Guerre en Ukraine: Un accord sur l’exportation des céréales signé entre l’Ukraine et la Russie

Par Le Point - Guerre en Ukraine. Un accord sur l’exportation des céréales signé entre l’Ukraine et la Russie.

L'Ukraine et la Russie ont signé deux accords séparés avec la Turquie et les Nations unies sur l'exportation des céréales et produits agricoles. © ANATOLII STEPANOV / FAO / AFP.

La Russie et l’Ukraine ont signé, vendredi 22 juillet, un accord sur les exportations de céréales à Istanbul. L’exportation se fera via la mer Noire.

Source AFP

L'Ukraine et la Russie ont ratifié, vendredi 22 juillet à Istanbul, un accord permettant d'exporter les céréales ukrainiennes bloquées dans les ports de la mer Noire par la guerre. Un accord signé avec la Turquie et l'ONU qui porte sur l'exportation des céréales en mer Noire. Lors d'une cérémonie inédite entre pays en guerre, Kiev et Moscou ont signé deux textes identiques mais séparés, à la demande de l'Ukraine qui refusait de parapher tout document avec la Russie.

Les quatre délégations se sont retrouvées dans l'enceinte du palais de Dolmabahçe, sur le Bosphore à Istanbul, en présence du secrétaire général des Nations unies Antonio Guterres, du président turc Recep Tayyip Erdogan, ainsi que des ministres turc et russe de la Défense et du ministre ukrainien des Infrastructures. La cérémonie s'est déroulée sous les drapeaux des protagonistes, ceux de la Russie et de l'Ukraine soigneusement séparés par les bannières bleues de l'ONU et rouges de la Turquie, qui s'offre en médiatrice depuis le début de l'invasion russe, le 24 février.

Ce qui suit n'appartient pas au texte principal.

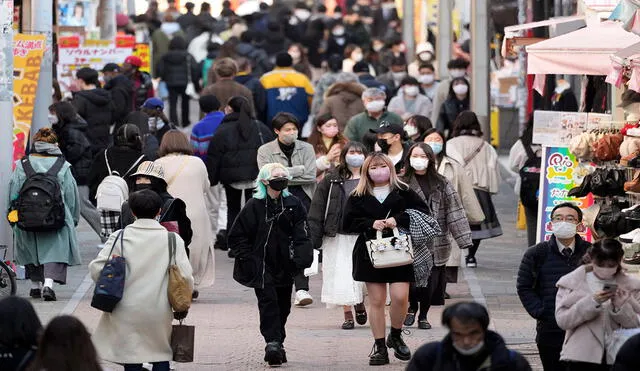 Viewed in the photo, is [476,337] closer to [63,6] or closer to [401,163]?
[401,163]

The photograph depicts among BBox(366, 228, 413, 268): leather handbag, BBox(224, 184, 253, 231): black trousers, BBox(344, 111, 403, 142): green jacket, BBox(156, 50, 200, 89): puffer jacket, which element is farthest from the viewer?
BBox(156, 50, 200, 89): puffer jacket

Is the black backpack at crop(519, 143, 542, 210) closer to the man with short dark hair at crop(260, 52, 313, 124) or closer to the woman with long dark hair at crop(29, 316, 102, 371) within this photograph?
the man with short dark hair at crop(260, 52, 313, 124)

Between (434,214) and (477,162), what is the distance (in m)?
3.16

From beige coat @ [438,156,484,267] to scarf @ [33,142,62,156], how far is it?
133 inches

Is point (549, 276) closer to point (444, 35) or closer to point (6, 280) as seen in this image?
point (6, 280)

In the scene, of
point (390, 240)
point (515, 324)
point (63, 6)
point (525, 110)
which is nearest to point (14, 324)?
point (390, 240)

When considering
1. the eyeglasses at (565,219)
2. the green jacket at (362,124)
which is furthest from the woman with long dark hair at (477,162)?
the eyeglasses at (565,219)

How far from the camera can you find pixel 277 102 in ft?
76.9

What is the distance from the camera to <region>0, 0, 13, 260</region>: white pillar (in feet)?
53.0

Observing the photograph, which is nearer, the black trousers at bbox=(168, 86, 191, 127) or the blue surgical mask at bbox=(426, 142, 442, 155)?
the blue surgical mask at bbox=(426, 142, 442, 155)

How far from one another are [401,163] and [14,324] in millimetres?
7810

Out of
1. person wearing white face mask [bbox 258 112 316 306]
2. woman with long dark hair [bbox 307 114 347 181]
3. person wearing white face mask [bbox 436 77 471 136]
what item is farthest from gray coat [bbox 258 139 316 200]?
person wearing white face mask [bbox 436 77 471 136]

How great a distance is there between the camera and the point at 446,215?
1463 cm

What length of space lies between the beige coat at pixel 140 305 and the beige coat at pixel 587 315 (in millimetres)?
2238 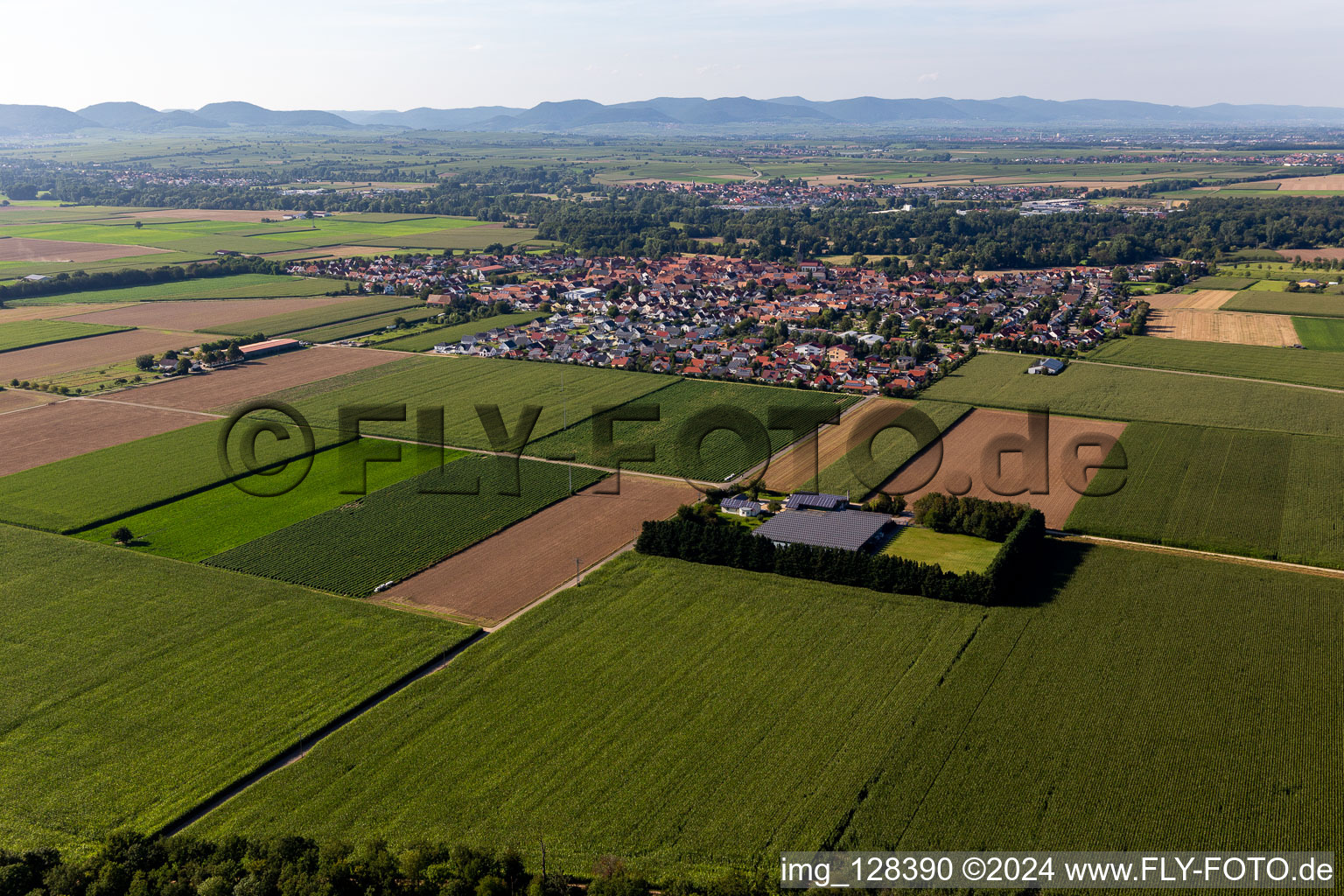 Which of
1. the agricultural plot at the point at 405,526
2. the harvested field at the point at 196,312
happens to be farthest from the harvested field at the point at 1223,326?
the harvested field at the point at 196,312

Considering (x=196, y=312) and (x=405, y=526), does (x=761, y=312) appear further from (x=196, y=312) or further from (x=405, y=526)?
(x=196, y=312)

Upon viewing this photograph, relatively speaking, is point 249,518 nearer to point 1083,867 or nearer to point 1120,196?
point 1083,867

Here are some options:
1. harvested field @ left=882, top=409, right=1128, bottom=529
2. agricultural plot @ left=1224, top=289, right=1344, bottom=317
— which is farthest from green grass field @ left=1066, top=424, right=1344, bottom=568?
agricultural plot @ left=1224, top=289, right=1344, bottom=317

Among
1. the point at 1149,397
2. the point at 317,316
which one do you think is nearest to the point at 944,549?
the point at 1149,397

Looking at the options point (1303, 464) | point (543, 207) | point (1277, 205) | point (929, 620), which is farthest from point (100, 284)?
point (1277, 205)

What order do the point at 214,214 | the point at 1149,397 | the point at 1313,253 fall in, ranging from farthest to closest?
the point at 214,214
the point at 1313,253
the point at 1149,397

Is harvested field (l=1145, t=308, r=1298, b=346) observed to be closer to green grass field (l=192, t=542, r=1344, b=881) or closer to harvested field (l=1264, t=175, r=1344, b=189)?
green grass field (l=192, t=542, r=1344, b=881) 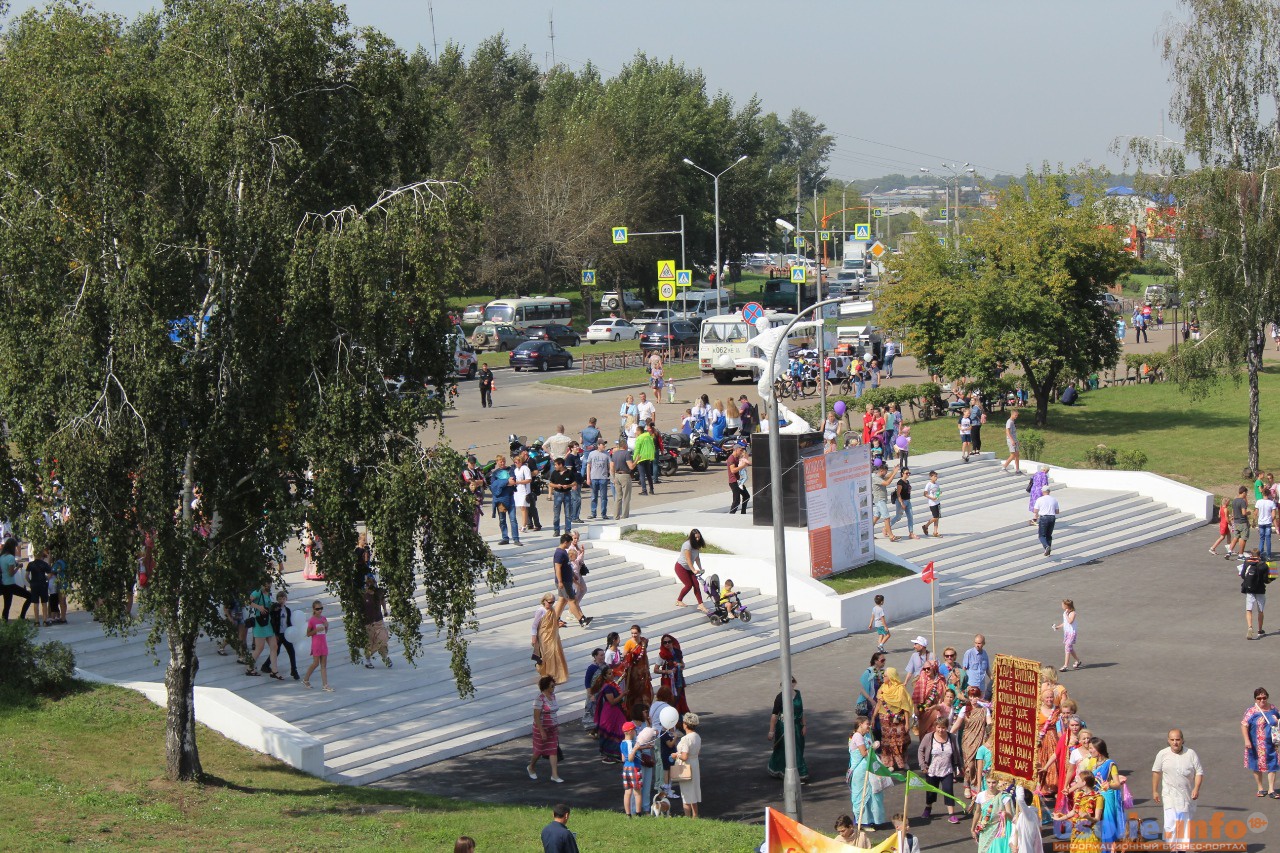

Le président ukrainien Volodymyr Zelensky a estimé vendredi que l'ONU était responsable du respect de cet accord. « Tout le monde comprend que la Russie pourrait se livrer à des provocations, à des tentatives de discréditer les efforts ukrainiens et internationaux. Mais nous faisons confiance en l'ONU. Maintenant c'est leur responsabilité de garantir le respect de l'accord », a-t-il déclaré dans son adresse vidéo quotidienne. De leur côté, les États-Unis ont appelé la Russie à mettre « rapidement » en œuvre l'accord. « Nous espérons que cela change la donne mais nous restons lucides », a déclaré le porte-parole de la Maison Blanche sur les questions stratégiques, évoquant « l'insécurité et la malnutrition » des personnes les plus vulnérables dans le monde.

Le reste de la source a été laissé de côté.